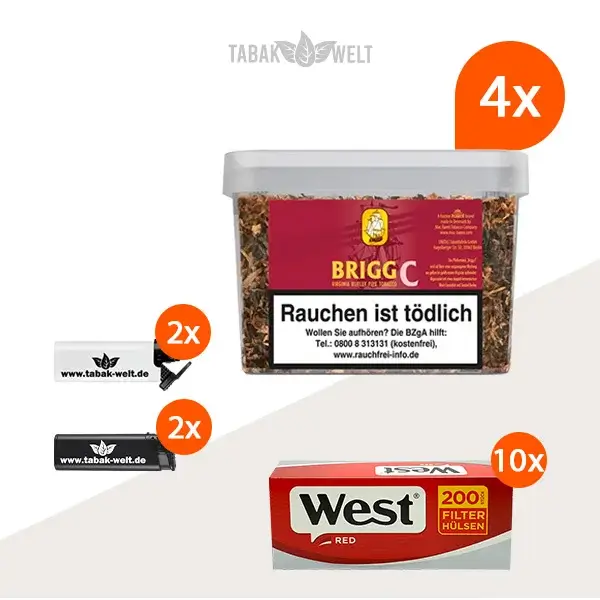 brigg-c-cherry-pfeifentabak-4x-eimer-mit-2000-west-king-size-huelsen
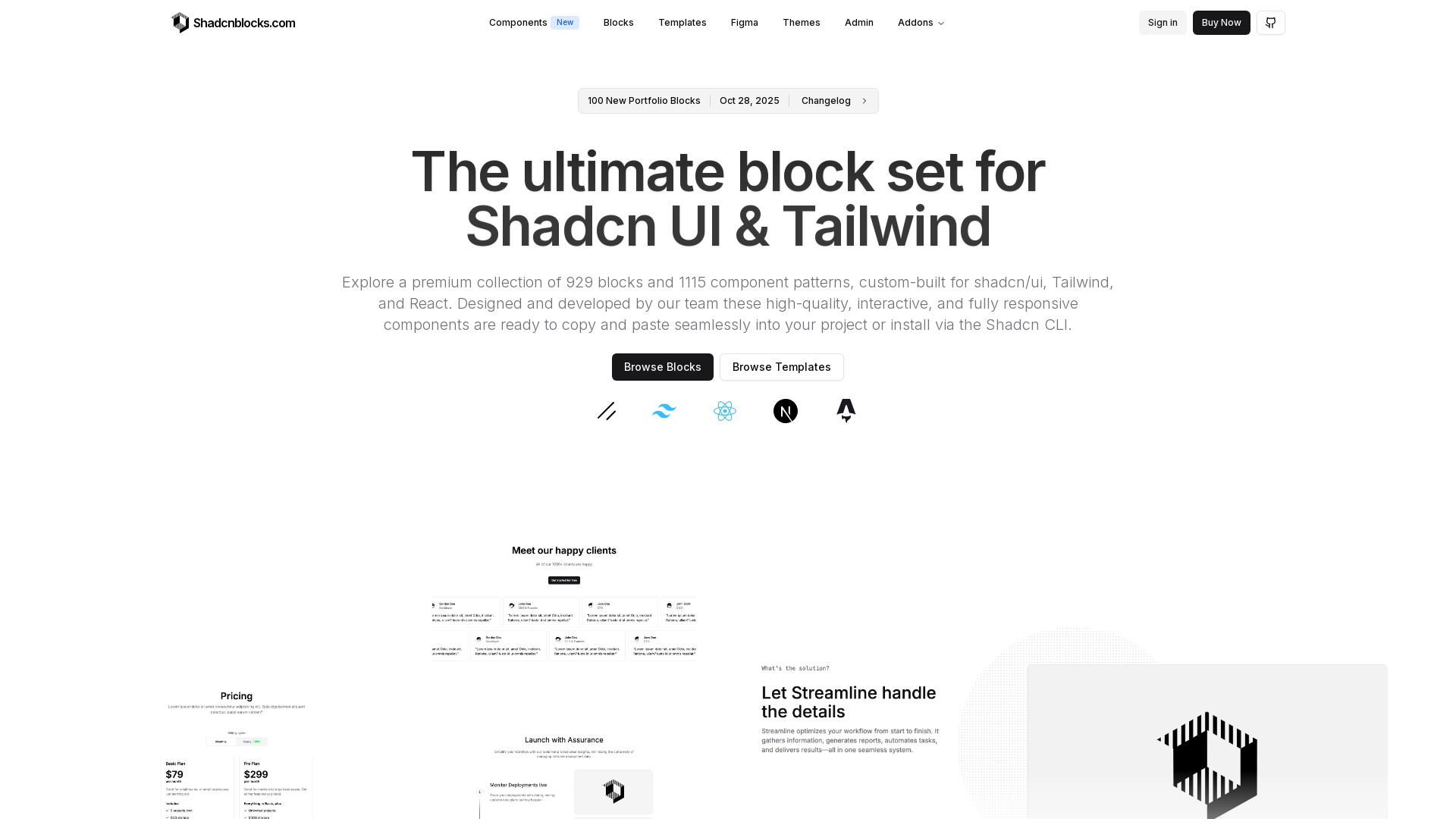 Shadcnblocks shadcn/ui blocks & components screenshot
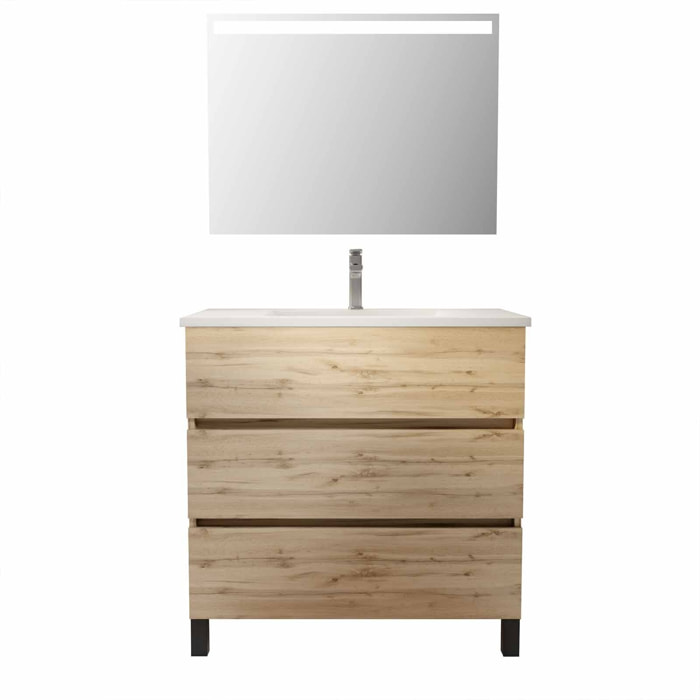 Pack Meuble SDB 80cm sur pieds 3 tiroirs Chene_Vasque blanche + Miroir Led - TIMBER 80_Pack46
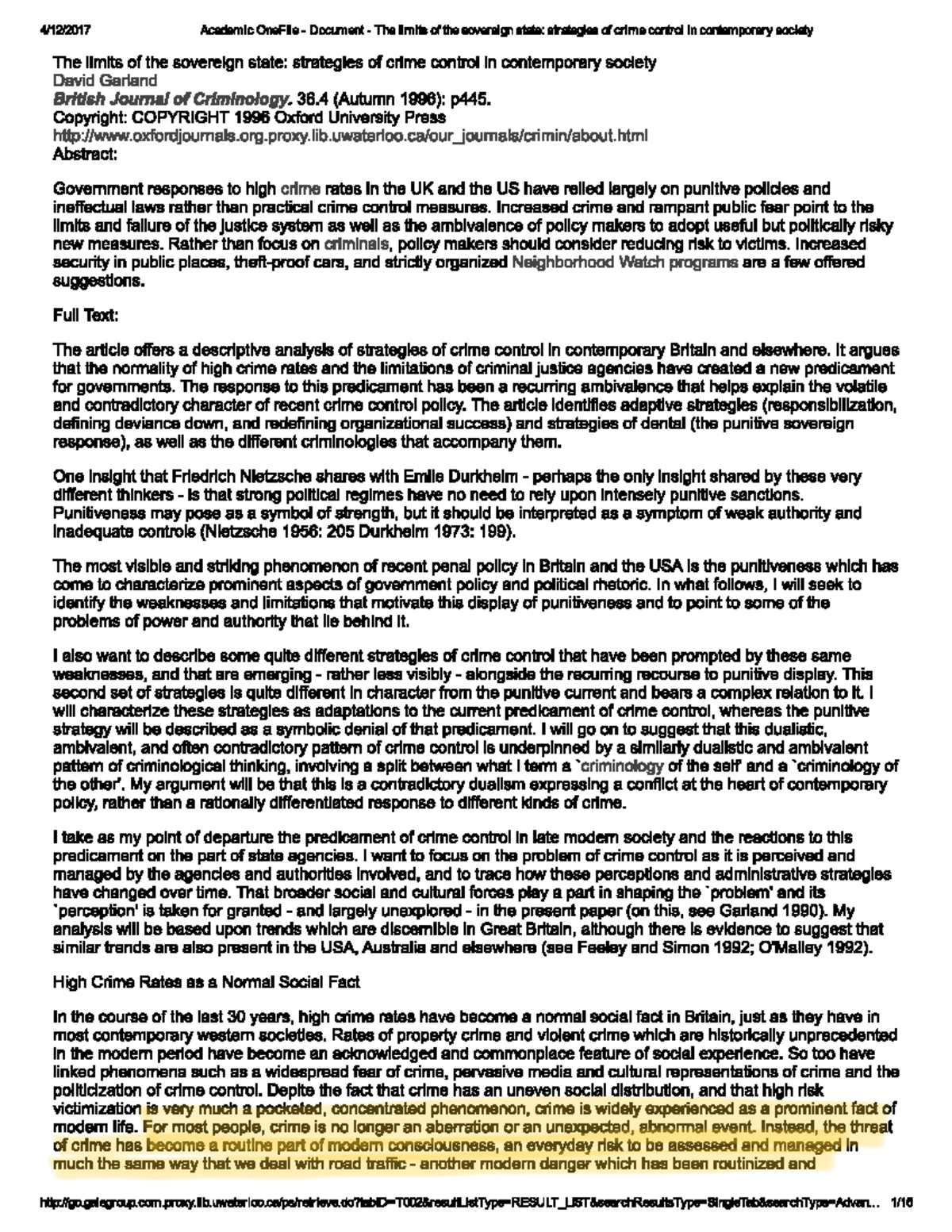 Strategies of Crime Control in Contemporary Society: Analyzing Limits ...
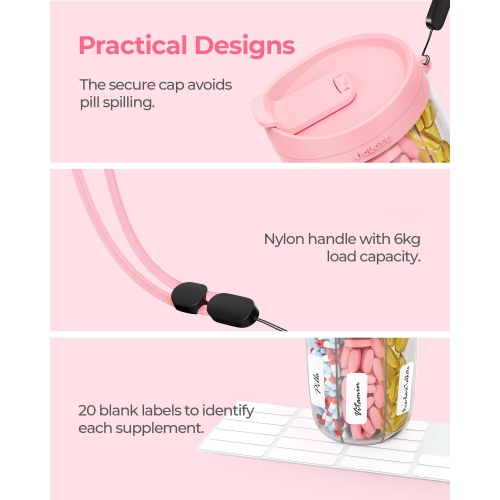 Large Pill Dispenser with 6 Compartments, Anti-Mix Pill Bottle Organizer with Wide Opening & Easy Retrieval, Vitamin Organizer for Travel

========================================================================

• _TASK OBJECTIVE_: Return an exact transcription of the material, with its pictures left out.

• _FINISHED TASK_:
 brigg-c-cherry-pfeifentabak-4x-eimer-mit-2000-west-king-size-huelsen
 Shadcnblocks shadcn/ui blocks & components screenshot
 Pack Meuble SDB 80cm sur pieds 3 tiroirs Chene_Vasque blanche + Miroir Led - TIMBER 80_Pack46
 Strategies of Crime Control in Contemporary Society: Analyzing Limits ...
 Large Pill Dispenser with 6 Compartments, Anti-Mix Pill Bottle Organizer with Wide Opening & Easy Retrieval, Vitamin Organizer for Travel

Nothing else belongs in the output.